To attempt to determine the Wyckoff Wave’s future direction and how this extended trading range will end, it is helpful to look at a longer-term view of the market.
First, let’s explore the phases that make up this long trading range. At this point, there is a phase from Friday’s market action over to point Z. A second phase extends from point Z back to point G. The third phase is from point G to point U. The fourth phase is from point U to point Q.
While the second, third and fourth phases are established, future market action will confirm or extend phase number one.
These phases and their support points are important in determining the future trend of the market. While the short-term trend is down, the market action since the sideways movement in the area around point E has been relatively dull. With the exception of Friday’s market action, neither demand or supply has been present in a strong or sustained manner.
After the August, 2015 Selling Climax, the Wyckoff Wave has held above that low. For the most part, it is also put in higher tops and higher bottoms. In addition, with the exception of the move from point M to point V, market action is the relatively dull. These are all signs of accumulation and unless there is a change in character, ending action and an intermediate term move to the upside has the highest probability of success.
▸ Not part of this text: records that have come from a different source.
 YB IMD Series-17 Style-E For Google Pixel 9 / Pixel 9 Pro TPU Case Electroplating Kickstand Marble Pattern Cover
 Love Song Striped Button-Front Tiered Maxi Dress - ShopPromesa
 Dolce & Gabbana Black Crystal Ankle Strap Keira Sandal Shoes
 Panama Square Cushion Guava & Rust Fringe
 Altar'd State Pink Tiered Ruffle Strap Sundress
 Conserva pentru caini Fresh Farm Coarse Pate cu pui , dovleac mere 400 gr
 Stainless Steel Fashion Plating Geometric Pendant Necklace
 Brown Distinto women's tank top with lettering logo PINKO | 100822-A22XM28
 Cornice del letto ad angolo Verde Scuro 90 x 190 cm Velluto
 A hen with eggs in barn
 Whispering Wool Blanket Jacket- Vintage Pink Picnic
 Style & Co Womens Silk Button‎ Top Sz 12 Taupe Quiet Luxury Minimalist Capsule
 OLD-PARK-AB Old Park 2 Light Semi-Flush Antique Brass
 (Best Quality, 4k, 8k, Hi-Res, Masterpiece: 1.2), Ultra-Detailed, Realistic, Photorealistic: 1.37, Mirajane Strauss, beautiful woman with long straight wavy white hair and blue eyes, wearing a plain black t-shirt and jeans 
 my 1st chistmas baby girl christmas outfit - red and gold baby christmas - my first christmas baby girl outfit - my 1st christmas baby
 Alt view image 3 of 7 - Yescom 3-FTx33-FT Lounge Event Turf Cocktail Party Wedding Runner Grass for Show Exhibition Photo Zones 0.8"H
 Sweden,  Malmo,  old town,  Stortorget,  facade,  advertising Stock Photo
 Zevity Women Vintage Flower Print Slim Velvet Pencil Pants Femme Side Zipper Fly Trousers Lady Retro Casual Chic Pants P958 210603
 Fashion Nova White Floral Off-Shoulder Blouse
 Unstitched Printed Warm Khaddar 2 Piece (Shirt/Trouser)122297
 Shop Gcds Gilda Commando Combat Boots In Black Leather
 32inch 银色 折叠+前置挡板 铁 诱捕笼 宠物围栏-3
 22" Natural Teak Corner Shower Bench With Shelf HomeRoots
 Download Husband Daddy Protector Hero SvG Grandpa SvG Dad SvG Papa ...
That’s why it’s important to pay attention to these support areas. The Wyckoff Wave does not have to react all the way down to the area around point M to go through ending action. It can Spring the areas of support that make up the phases described above.
That means, the Wyckoff Wave could react through points D and Z. If strong demand comes into the market and the Spring is successfully tested, we could have the beginning of a new intermediate term trend to the upside. The first objective would be the count taken from the Spring and it’s Secondary Test over to point Z. A second count could be taken from the Last Point of Support. If those counts are achieved, the remaining phases of the trading range can come into play when determining final upside objectives..
There is also a possibility that the Wyckoff Wave could react through these support areas and continue towards the bottom of the trading range. If that happens, the next important support area is at points M and G.
For this to happen, the Wyckoff Wave would need to react strongly through the support at points D and Z. This would be on a follow-through to Friday’s supply and be on wide spread and high volume.
As the Wyckoff Wave’s Technometer is already in an oversold condition and, it will be difficult to duplicate Friday’s wide price spread and high volume, this scenario has a lower probability of success.
The Wyckoff Wave could also simply rally off the support and continue this trading range phase.
Finally, if the Wyckoff Wave reacts below the support at points D and Z and demand is not come into the market, the Wyckoff Wave could simply be putting in a new a new and lower support point in the developing phase of the trading range.
It is extremely important to remember that just because an index or stock moves below a support area, it is not a Spring unless strong demand comes into the market resulting in a direction reversal and noticeable move to the upside.
While these are the possible scenarios, the Wyckoff Wave will give us the answer. Our job is to identify the market action, decide which scenario is being played out and, based on our investment objectives take it vantage of some, possibly exciting, market moves.